Genel

Müslüman psikologların arafı

Psikoloji lisans eğitimimi tamamlarken aklımda bir soru vardı.

Bir soru ama çok büyük bir soru.

Soruya geleceğim, önce sorunun nereden çıktığını anlatayım.

Akademik eğitimde batı dünyasından besleniyoruz çünkü bilgi oradan akıyor.

Bilgiyi yalın olarak alabilsek güzel ama ait olduğu bakış açısıyla bakmadan o bilgiyi kullanamıyoruz.

Örneğin travma.

Travma nedir? Psişeye zarar verebilen ve hayatın normal akışının bozulmasına neden olabilen bir deneyim. Örneğin deprem.

Sosyal medyada inanılmaz bir psikolojik destek seferberliği var. Sevindirici. Yüzlerce psikolog sahaya inecek. Çabalar, insan hayatını normal akış düzenine geri döndürmek için olacak.

Psikologlar aldıkları eğitim gereği, travmatize olmuş insanlarla çalışırken onlara “anormal” bir deneyim yaşadıklarını, ancak geçtiğini söyleyecek.

Korkular üzerine çalışılacak. Normale dönme üzerine yoğunlaşılacak. Hayatın normal akışındaki işlevselliği bozan belirtiler DSM’ye göre değerlendirilip hangi hastalık sınıfına girdiğine bakılacak.

İşte burada sorun belirmeye başlıyor.

Normal tanımlarında.

Normal, sık görülendir. Daha çok var olandır.

Normal, mucize olmayandır.

Yani bu dünyanın böyle sarsıntısız olması normaldir. Ayağımızın altındaki yeryüzü zaten sabittir. Bu yüzbinlerce yıldır böyledir. Sallanması olağandışı bir durumdur. Anormaldir.

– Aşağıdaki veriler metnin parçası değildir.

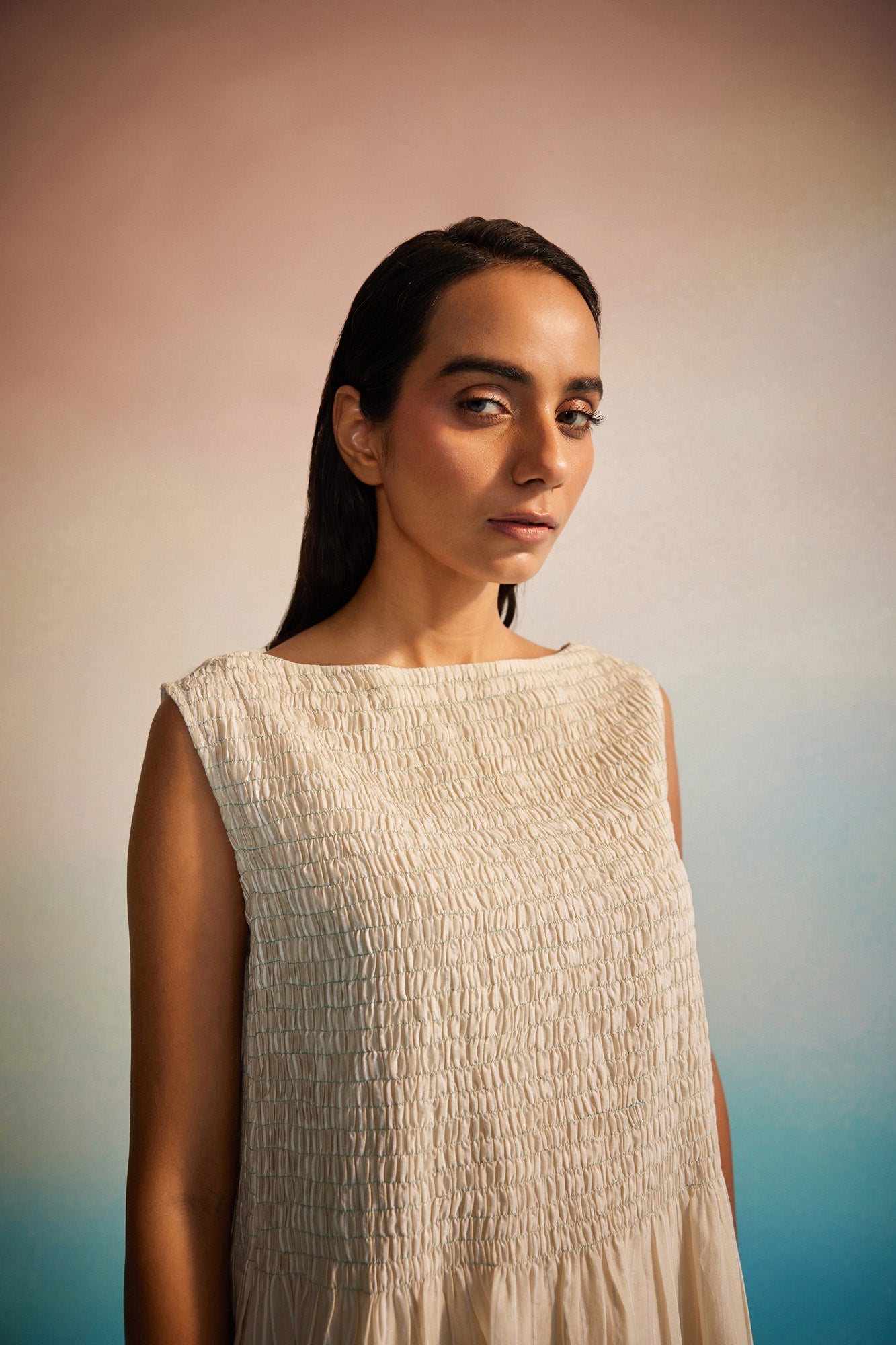 Miyabi Ruching Dress Set - CiceroniKurta Set, Everyday WearAhmev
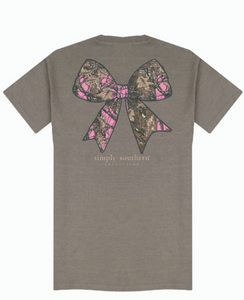 Simply Southern Youth Camo Bow T-Shirt for Girls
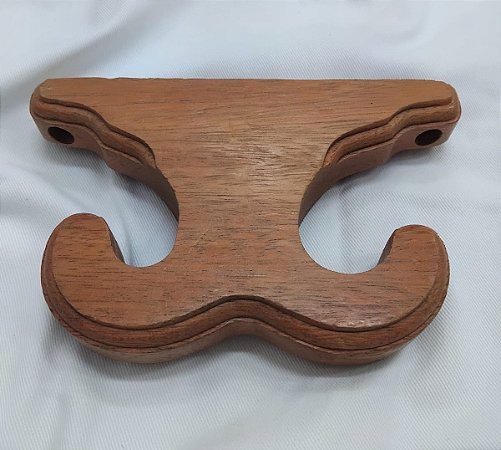 SUPORTE DE TETO DUPLO ABERTO EM MADEIRA 21/32MM COR CEREJEIRA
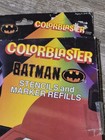 Kenner Colorblaster Batman Stencils And 4 Marker Refills Vintage 1990 Boxed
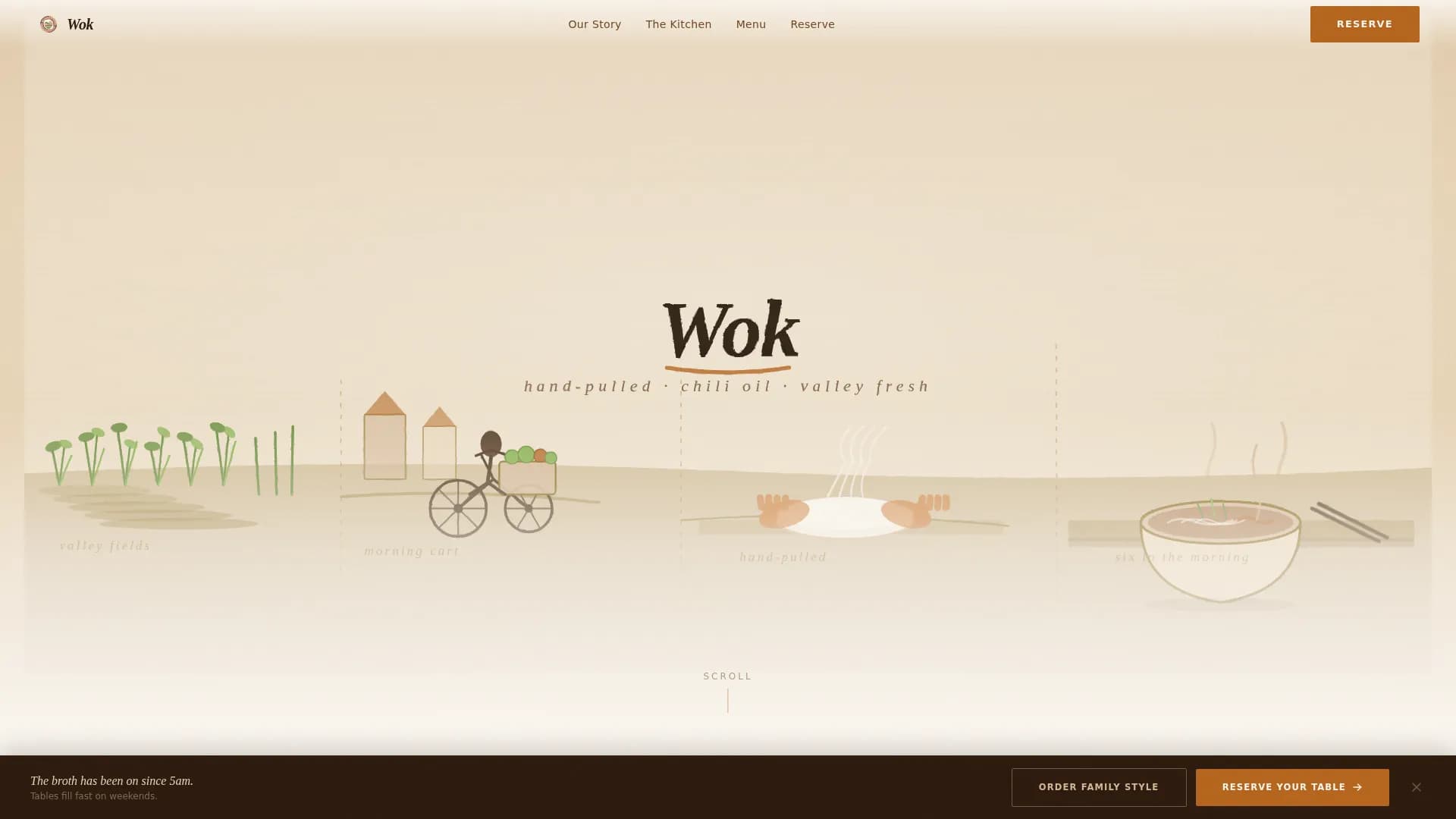 Chinese Dining Booking Website Template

Kur’an’a göre ise yeryüzünün bize böyle güvenli bir döşek yapılması normal değildir, çok ilginçtir çok hayret vericidir. İnsanın bu hale bakıp bakıp düşünmesi istenir. Bunun normal olmadığının farkında olması beklenir.

Kuran’a göre, Allah’ın bize verdiği hiç bir nimet, olağan değildir. Zaten var olan değildir. Zaten var olacak olan değildir. Hepsi O’nun vermesiyledir. Lutfuyladır, rahmetiyledir. O vermediğinde, varlığı söz konusu dahi olamaz. Yani normal değildir.

Depremler ve her türlü afet aslında dünyamızdaki normal kavramını Kuran’ın dediği noktaya çeker. Normal olan, herşeyin zaten var olduğu ve olacağı değildir. Normal olan, insanın bir kaç saniyede sahip olduğu herşeyi ve dahi kendi canını yitirebilmesidir. Bu gayet olabilir birşeydir ve aynı anda binlerce insanın başına gelebilir. İnsan sadece bunu sürekli ve sık sık yaşamadığı için normal olduğunu anlamaz. Sık sık yaşamamak, normalliğin değil rahmaniyetin ve rahimiyetin varlığındandır.

Afetler musibetler o nedenle uyandırıcıdır. İnsanın gözünü öyle bir açar ki, insan önceki inandığı ‘normal’e güvenemez hale gelir. Güvenmemesi de gerekir zaten.

Diğer yandan İslam’a göre de, hayatın rutinlerine bir an önce dönmek evladır. Korku, ümitsizlik veya üzüntü içinde yaşamak men edildiğimiz birşeydir. Tam anlamıyla yas 3 gün tutulur, sadece kocası vefat eden kadın 4 ay on gün yas tutar.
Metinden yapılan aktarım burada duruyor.